■ What is being asked ■
Every line from the one with "1331 S Fairview" through the end of the material below, both ends included, should be transcribed exactly, without pictures.

■ Supplied information ■
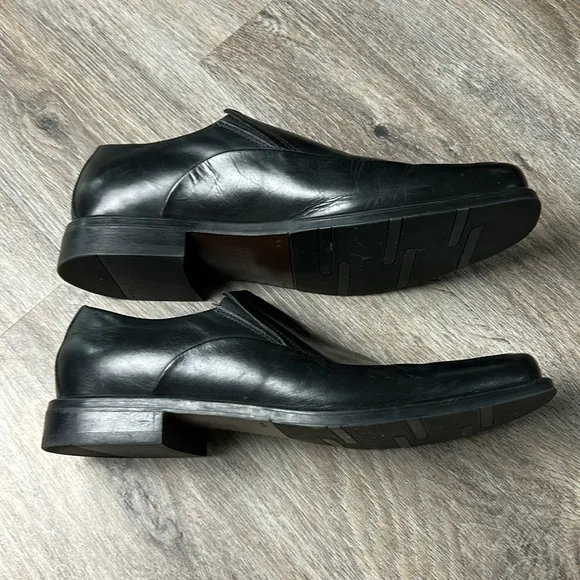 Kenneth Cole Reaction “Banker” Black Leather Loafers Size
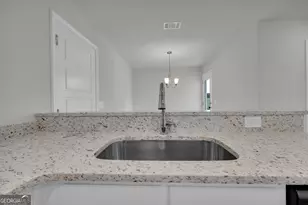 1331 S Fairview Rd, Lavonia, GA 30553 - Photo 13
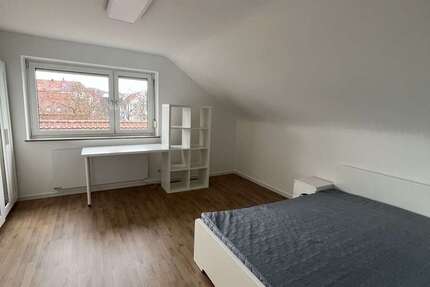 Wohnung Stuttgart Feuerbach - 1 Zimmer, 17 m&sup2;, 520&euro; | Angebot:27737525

■ Your response ■
 1331 S Fairview Rd, Lavonia, GA 30553 - Photo 13
 Wohnung Stuttgart Feuerbach - 1 Zimmer, 17 m&sup2;, 520&euro; | Angebot:27737525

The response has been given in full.